Orphan Star
- First edition
- Author: Alan Dean Foster
- Cover artist: Darrell K. Sweet
- Language: English
- Genre: Science fiction
- Publisher: Del Rey Books
- Publication date: 1977
- Publication place: United States
- Media type: Print (paperback)
- Pages: 240
- ISBN: 0-345-46104-5
- OCLC: 53936118
- Preceded by: The Tar-Aiym Krang
- Followed by: The End of the Matter

= Orphan Star =

1977 novel by Alan Dean Foster

Orphan Star (1977) is a science fiction novel by American writer Alan Dean Foster. The book is Foster's eighteenth published book, his fifth original novel, and is chronologically the third entry in the Pip and Flinx series.

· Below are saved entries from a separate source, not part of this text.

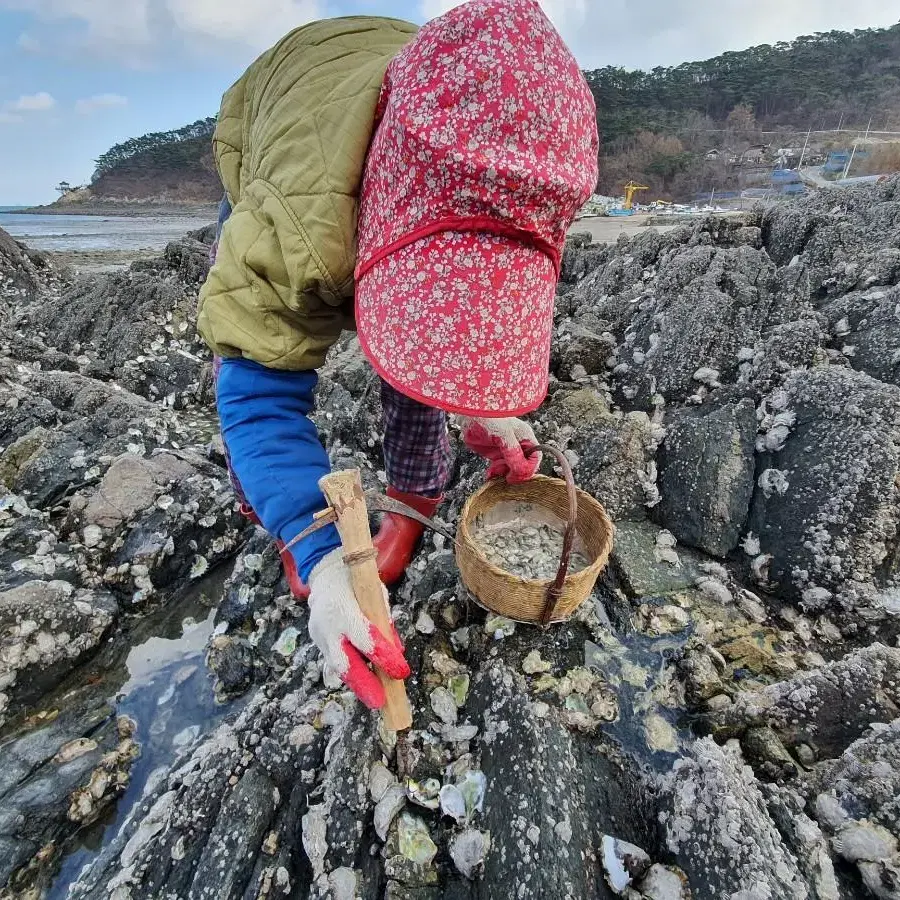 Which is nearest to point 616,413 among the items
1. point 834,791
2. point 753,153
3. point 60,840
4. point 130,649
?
point 834,791

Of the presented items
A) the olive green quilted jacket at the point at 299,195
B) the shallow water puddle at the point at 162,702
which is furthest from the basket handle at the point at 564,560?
the shallow water puddle at the point at 162,702

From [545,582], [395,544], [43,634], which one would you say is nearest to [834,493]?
[545,582]

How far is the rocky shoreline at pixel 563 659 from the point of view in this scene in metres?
1.46

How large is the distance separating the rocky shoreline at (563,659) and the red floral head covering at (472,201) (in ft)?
4.07

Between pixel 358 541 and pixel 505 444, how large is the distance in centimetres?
110

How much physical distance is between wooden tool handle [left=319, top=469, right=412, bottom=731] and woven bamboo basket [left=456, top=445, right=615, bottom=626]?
0.59 metres

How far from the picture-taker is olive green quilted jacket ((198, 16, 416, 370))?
1.21 meters

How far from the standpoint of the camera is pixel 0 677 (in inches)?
83.3

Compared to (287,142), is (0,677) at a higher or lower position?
lower

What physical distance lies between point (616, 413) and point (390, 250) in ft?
8.89

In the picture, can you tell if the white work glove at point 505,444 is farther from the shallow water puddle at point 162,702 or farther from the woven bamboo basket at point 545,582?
the shallow water puddle at point 162,702

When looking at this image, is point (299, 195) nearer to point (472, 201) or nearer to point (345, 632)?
point (472, 201)

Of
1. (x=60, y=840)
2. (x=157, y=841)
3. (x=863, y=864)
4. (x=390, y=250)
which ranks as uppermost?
(x=390, y=250)

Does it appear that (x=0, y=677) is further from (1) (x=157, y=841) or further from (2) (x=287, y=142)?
(2) (x=287, y=142) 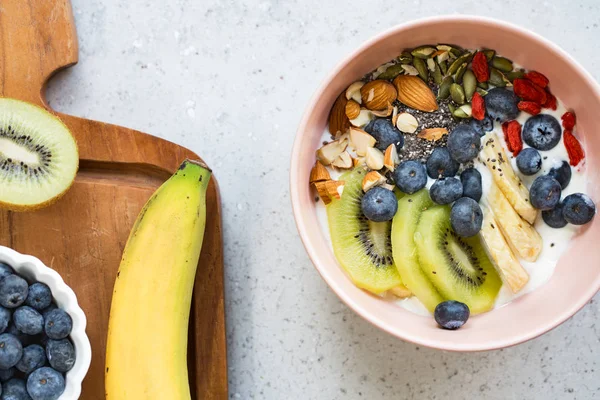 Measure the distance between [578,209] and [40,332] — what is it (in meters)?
0.71

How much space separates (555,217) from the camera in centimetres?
95

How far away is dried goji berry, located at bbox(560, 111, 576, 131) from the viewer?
0.95 m

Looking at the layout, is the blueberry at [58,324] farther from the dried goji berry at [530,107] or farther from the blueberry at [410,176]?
the dried goji berry at [530,107]

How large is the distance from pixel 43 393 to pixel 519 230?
64 cm

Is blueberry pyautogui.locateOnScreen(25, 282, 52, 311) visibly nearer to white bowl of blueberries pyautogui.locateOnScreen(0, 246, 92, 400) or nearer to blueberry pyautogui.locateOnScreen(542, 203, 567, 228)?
white bowl of blueberries pyautogui.locateOnScreen(0, 246, 92, 400)

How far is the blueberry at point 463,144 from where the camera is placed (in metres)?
0.92

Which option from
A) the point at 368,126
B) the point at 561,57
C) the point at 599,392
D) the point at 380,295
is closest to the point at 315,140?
the point at 368,126

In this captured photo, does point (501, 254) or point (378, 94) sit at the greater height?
point (378, 94)

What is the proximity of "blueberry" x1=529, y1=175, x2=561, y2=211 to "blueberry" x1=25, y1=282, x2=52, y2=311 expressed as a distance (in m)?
0.64

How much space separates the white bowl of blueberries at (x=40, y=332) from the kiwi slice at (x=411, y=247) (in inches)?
16.5

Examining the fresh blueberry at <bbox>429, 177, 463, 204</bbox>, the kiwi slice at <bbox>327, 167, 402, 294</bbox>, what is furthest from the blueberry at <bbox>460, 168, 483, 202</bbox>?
the kiwi slice at <bbox>327, 167, 402, 294</bbox>

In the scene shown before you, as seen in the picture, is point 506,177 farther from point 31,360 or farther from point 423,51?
point 31,360

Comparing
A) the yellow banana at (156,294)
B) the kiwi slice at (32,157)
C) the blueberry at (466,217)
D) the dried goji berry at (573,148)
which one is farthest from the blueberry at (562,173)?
the kiwi slice at (32,157)

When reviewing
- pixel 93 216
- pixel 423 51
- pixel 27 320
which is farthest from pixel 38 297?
pixel 423 51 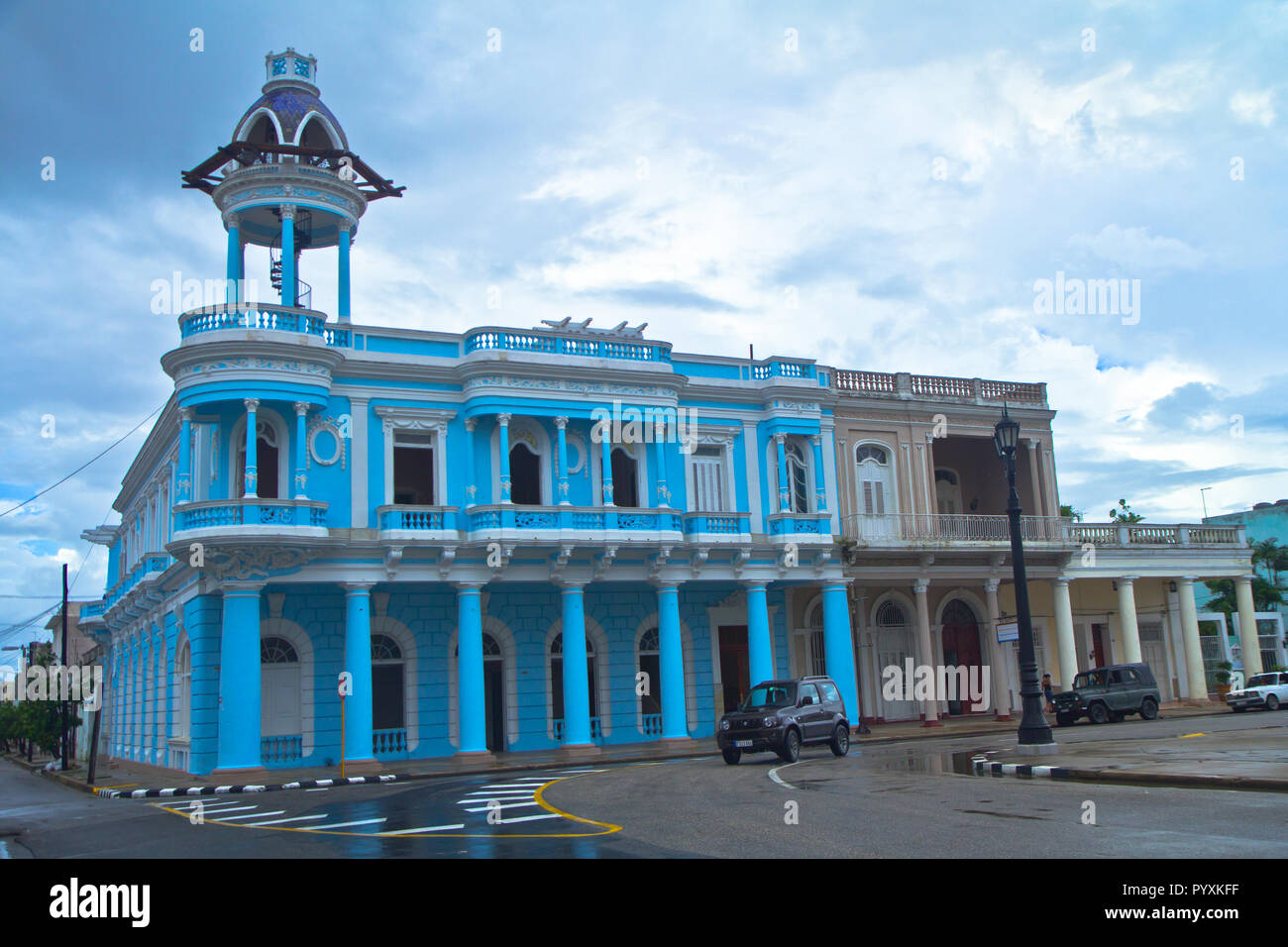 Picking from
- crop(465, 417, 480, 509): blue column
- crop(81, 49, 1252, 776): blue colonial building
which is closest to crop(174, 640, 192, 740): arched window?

Bloodhype (1973) was the second novel to include Pip and Flinx, but it is eleventh chronologically in the series and the two characters had a relatively small part in that novel's plot.

==Plot summary==

The novel takes place in 550 A.A. (After Amalgamation in Foster’s timeline, 2950 AD). Flinx, no longer a poor orphan, is chasing a merchant to Hivehom and Terra in search of information about his parentage. Along the way Flinx is joined by Sylzenzuzex, a female Thranx member of the Commonwealth Church. His chase leads him to Ulru-Ujurr, a planet under Edict from the United Church, ostensibly because it contains a highly intelligent telepathic race. On Ulru-Ujurr, he discovers the mystery of his parentage and jump-starts the childlike Ulru-Ujurrians on their "Game of Civilization".